El filo dorado de tus sueños

El encuentro en penumbra

La cena estaba destinada a ser rutinaria. Una de esas reuniones empresariales que se multiplicaban en los calendarios de todos, con copas demasiado llenas y discursos demasiado largos. El salón principal estaba iluminado con lámparas doradas, mesas redondas y manteles impecables. Gala llegó tarde, vestida con un vestido negro sencillo, de líneas rectas, pero con la elegancia natural que nunca necesitaba esforzarse en mostrar.

No lo buscaba. No lo esperaba. Y sin embargo, ahí estaba Adrián, al otro extremo de la sala, saludando con esa sonrisa que siempre imponía más que cualquier palabra. No se cruzaron de inmediato; cada uno se quedó en su órbita, cumpliendo con los saludos, los brindis, las conversaciones triviales.

Pero la conciencia del otro era inevitable.

Gala sintió cómo la espalda se le erizaba apenas al notarlo, como si el aire hubiera cambiado de densidad. Adrián, por su parte, fingió atención a lo que decía un colega, pero en el rabillo del ojo la buscaba, la encontraba, la retenía.

Fue después del segundo brindis cuando el azar —o el destino, o lo que fuera— los puso en el mismo pasillo. Gala salió hacia el baño, cansada de sonreír por compromiso, y Adrián, un minuto después, tomó el mismo camino con la excusa de una llamada.

El corredor estaba en penumbras, iluminado apenas por la luz amarilla de una lámpara olvidada. El bullicio de la cena se escuchaba lejano, amortiguado por las paredes gruesas.

Ella lo vio primero. Detuvo el paso, como si el cuerpo reconociera antes que la mente lo que iba a ocurrir. Adrián caminaba hacia ella, lento, sin prisa, pero con esa seguridad que siempre lo acompañaba.

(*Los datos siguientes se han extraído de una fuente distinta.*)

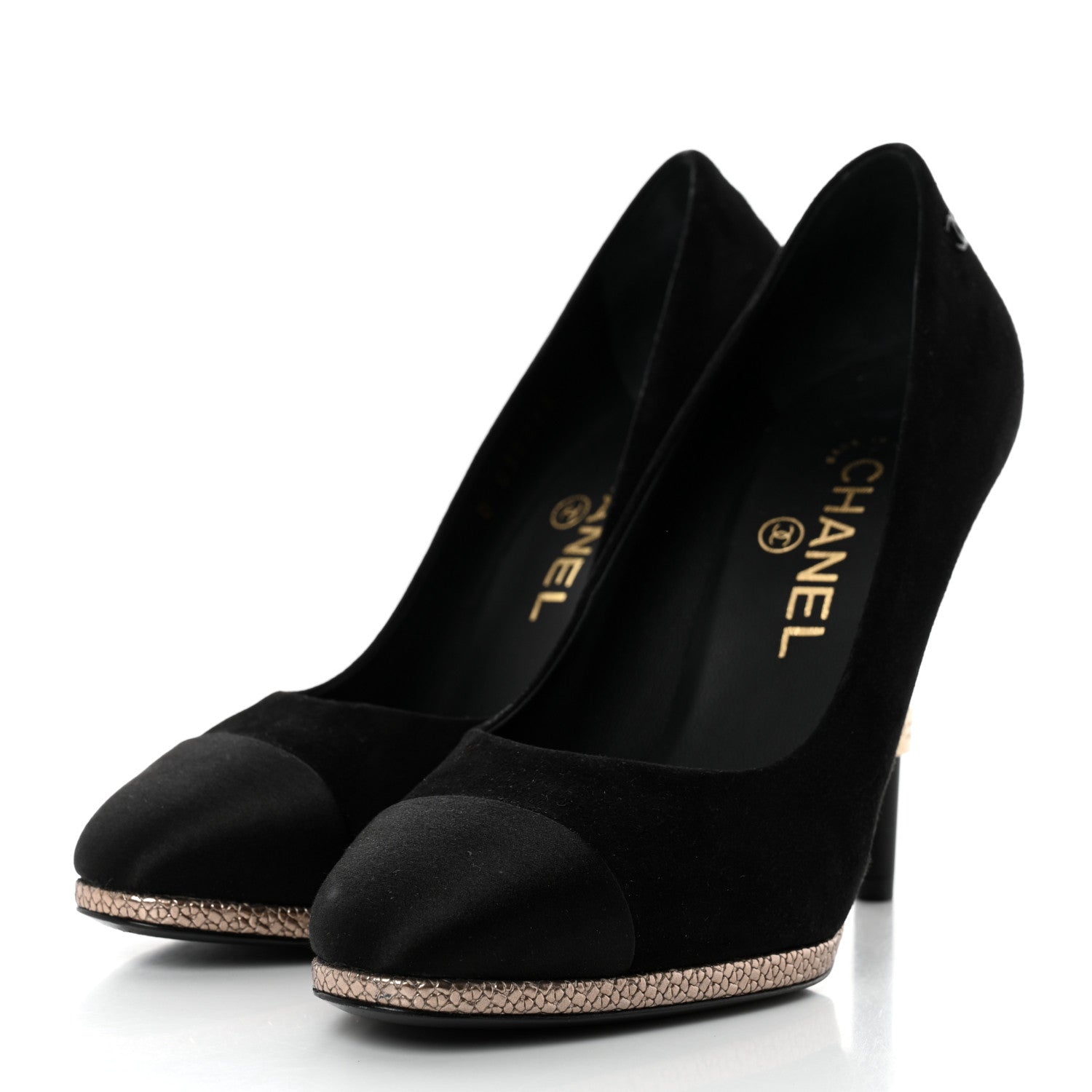 Chanel Suede Calfskin Satin Cap Toe CC Pumps 37 Black 3 of 9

No dijeron nada. No hacía falta.

Cuando estuvieron frente a frente, hubo un instante suspendido, un segundo en el que pudieron haber seguido de largo, fingir distracción, dejarlo en nada. Pero no lo hicieron.

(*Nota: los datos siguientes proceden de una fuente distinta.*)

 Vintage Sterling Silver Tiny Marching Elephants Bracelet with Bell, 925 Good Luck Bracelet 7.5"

Adrián la tomó suavemente del brazo, apenas un roce, como quien pide permiso. Gala no lo negó; al contrario, se acercó un paso, y el aire entre ellos ardió.

El beso llegó como un incendio contenido demasiado tiempo. Largo, profundo, eléctrico. No era un beso de nostalgia ni de despedida, tampoco de promesas. Era pura combustión.

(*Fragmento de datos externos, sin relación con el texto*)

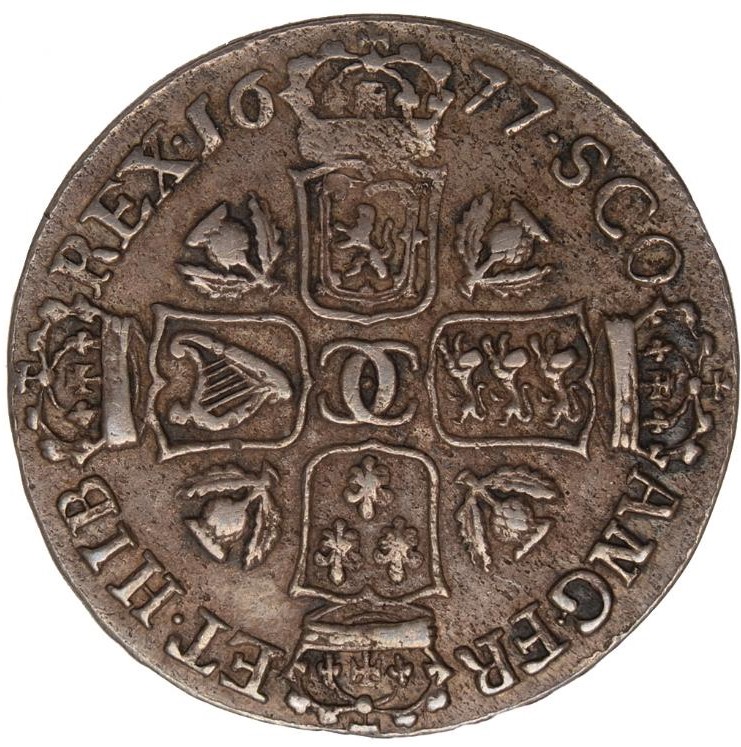 Scotland ⅛ Dollar - Charles II 2nd Coinage reverse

El pasillo, con su penumbra cómplice, se convirtió en universo. El tiempo dejó de existir, y solo quedó la certeza de que la llama seguía intacta, indomable.

Cuando se separaron, respiraban agitados. Gala cerró los ojos un instante, saboreando aún el vértigo. Adrián apoyó la frente en la suya, como quien confiesa sin palabras lo inevitable.

—No se apaga —susurró él, apenas audible.

—Nunca lo hizo —respondió ella, con una sonrisa leve, casi peligrosa.

Un ruido al fondo, pasos lejanos, los obligó a apartarse. Se recompusieron el cabello, la ropa, la máscara social. Volvieron al salón como si nada hubiera pasado.

Y sin embargo, dentro de ellos, todo había vuelto a encenderse.

Durante el resto de la cena, ninguno buscó al otro. No hubo miradas evidentes, ni gestos delatores. Pero cada palabra, cada brindis, cada sonrisa ante terceros estaba atravesada por el recuerdo de ese beso en penumbras.

Era un secreto renovado. Una confirmación.
Una prueba de que, pese a todo lo vivido, pese a los acuerdos, pese a los silencios… el fuego seguía allí, intacto, reclamando su espacio en la sombra.

Gala lo supo con una claridad inquietante: la vida podía seguir siendo perfectamente igual y aburrida, pero bastaba un pasillo oscuro para recordarle que no todo estaba bajo control.

Adrián, por su parte, sintió en carne viva lo que tantas veces había querido negar: lo suyo con Gala no era un error del pasado, ni una debilidad momentánea. Era una fuerza que seguía respirando, esperando.

Y los dos, desde mesas distintas, con copas distintas, fingiendo normalidad ante los demás, sabían que ese beso no era un accidente. Era el recordatorio de que la combustión, aunque oculta, nunca se había extinguido.